曰く、「こんな誤植があった」に始まり、「誤認識があった」「とある視点が欠けている」「分析が甘い」などなど…。確かに、事実誤認があった場合には専門家が指摘してくれるのは読者にとってはありがたい。しかし、著者の視点や主張が書かれた物にすぎない本に対し、「この視点が欠如している」と指摘するのは無理があるだろう。全包囲的な文章を書いても主張がはっきりせず、面白味も半減する。ましてや書評者の知識レベルをひけらかすための「書評」かと思える程に、誤りを見つけては重箱の隅をつつくような指摘をした「書評」は、「推薦する」というそもそもの意図を完全に見失ってしまっていると思う。

学会誌や学術誌に書く場合は、もちろんこのような「誤記」に対する指摘は必須であろう。しかし、一般人に向けて書く書評は、あくまでも「お薦め文」であってほしい。もし、その本が「誤記・誤植・誤認識」だらけであったなら、潔く「自分はこの本を他人に薦める気はない=書評をしない」と言えばいいのではないだろうか。
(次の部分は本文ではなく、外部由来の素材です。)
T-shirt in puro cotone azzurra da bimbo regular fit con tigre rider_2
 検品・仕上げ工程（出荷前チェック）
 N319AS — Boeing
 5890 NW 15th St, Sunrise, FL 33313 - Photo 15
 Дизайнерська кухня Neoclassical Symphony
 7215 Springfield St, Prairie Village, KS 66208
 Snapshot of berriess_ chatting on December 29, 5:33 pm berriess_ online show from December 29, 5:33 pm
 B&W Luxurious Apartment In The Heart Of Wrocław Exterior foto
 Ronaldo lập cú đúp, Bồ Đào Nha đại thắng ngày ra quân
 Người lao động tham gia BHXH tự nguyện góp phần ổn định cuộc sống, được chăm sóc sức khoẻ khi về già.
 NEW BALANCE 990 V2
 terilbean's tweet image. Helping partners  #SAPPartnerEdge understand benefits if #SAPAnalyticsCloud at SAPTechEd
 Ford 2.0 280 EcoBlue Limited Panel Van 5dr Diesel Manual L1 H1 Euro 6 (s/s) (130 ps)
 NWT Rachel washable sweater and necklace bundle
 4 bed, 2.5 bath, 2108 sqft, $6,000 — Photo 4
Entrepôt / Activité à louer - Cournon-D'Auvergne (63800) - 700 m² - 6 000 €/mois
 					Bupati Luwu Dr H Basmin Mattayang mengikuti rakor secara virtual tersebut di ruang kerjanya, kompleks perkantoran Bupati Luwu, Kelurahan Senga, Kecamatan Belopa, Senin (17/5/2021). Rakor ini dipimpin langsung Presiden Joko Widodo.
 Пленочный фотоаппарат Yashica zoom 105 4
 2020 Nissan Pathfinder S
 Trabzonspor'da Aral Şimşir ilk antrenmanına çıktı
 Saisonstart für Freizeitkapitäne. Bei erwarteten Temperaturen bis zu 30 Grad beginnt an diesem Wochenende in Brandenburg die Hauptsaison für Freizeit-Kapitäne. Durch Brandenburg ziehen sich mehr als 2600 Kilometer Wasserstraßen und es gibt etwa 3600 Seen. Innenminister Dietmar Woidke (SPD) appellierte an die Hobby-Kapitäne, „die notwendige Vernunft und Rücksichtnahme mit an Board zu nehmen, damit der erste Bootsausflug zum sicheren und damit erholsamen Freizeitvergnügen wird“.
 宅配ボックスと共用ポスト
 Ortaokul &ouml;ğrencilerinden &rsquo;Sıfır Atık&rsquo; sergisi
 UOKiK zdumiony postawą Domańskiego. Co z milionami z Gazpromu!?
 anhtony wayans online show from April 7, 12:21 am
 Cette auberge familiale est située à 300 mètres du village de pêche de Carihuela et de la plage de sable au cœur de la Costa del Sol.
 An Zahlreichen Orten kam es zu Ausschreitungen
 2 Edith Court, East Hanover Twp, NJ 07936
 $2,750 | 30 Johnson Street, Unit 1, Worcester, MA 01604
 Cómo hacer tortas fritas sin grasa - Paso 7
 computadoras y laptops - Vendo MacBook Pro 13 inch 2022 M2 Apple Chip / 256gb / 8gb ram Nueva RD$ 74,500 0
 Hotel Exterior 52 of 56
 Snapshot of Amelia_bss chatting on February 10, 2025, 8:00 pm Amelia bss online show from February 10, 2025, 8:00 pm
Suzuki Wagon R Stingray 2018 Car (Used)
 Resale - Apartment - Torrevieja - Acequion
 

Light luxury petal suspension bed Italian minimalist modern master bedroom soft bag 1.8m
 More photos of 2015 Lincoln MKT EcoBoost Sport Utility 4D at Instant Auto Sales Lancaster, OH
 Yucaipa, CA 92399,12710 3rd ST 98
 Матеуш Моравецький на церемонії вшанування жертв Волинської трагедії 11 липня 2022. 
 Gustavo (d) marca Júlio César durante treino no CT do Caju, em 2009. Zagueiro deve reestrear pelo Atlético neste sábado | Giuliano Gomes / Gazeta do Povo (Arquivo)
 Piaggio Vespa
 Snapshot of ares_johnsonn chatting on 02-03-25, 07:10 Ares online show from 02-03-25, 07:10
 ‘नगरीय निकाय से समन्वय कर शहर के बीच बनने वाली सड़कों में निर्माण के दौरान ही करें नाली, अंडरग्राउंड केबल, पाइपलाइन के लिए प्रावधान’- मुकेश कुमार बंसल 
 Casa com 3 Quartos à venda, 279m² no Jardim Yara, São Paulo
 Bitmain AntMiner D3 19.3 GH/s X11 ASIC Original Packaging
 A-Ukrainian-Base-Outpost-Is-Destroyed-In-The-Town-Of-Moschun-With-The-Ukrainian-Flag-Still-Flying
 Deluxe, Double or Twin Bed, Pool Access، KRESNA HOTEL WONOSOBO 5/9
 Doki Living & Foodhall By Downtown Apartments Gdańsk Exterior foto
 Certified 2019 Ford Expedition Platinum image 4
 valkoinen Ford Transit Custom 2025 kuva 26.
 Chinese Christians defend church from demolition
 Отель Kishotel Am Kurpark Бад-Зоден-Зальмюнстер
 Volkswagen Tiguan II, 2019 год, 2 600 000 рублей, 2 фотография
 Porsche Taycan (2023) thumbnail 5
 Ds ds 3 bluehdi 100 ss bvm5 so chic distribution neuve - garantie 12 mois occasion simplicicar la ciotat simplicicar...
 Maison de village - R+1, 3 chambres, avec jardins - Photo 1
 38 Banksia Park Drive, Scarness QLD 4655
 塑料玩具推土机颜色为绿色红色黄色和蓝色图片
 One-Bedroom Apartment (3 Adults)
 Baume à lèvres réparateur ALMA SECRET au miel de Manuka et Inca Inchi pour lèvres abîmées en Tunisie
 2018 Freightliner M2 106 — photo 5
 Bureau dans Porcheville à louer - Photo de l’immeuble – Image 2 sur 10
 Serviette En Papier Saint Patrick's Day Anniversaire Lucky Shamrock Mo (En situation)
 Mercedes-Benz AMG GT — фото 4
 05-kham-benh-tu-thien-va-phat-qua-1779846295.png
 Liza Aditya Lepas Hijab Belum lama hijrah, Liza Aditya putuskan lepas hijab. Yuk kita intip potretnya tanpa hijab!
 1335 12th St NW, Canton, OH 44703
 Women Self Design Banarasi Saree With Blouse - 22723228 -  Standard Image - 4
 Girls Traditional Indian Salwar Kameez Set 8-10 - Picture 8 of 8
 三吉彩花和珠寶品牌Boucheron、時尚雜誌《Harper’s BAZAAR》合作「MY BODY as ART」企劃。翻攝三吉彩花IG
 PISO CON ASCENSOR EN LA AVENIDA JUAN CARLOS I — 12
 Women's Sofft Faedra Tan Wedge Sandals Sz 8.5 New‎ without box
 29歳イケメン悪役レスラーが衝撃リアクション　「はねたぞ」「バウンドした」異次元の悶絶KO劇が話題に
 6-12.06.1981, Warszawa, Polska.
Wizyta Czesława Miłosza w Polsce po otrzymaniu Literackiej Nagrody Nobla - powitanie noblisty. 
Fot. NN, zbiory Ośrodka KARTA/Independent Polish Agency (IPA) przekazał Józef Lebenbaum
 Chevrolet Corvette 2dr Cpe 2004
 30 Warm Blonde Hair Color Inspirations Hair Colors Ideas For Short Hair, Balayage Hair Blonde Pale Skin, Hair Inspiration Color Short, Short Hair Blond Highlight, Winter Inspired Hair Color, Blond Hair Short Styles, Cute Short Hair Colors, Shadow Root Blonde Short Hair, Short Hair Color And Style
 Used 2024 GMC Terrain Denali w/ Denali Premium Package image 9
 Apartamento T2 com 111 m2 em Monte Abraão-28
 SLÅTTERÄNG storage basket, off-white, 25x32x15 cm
「書評」を読んで興味を持ち、自分で実際に読んでみて「なるほど、面白かった」と思えれば完璧だ。しかし、書評で薦められて実際に読んでみたが、自分にはピンとこなかったり、面白くないとことだって多々あるだろう。感性が一人ずつ異なっている以上、本が面白いかどうかは非常に個人的なことであり、書評者と同じ価値観に立てないことも当然の帰結だ。

しかし、書評で「これは面白くない」「つまらない」などと酷評されていれば、多くの人はそもそも読む気が失せてしまう。もし読んでみたら、自分にとっては最高に面白く、人生観が変わるような本であったとしても…である。それ故に、人と本の出会いのチャンスを奪うような書評はあってはならないと思う。

だからこそ、書評は「お薦め」の時に書くべきであって、お薦めしたくない時は、酷評せず、「書かない」という選択肢を選んでほしいと思うのである。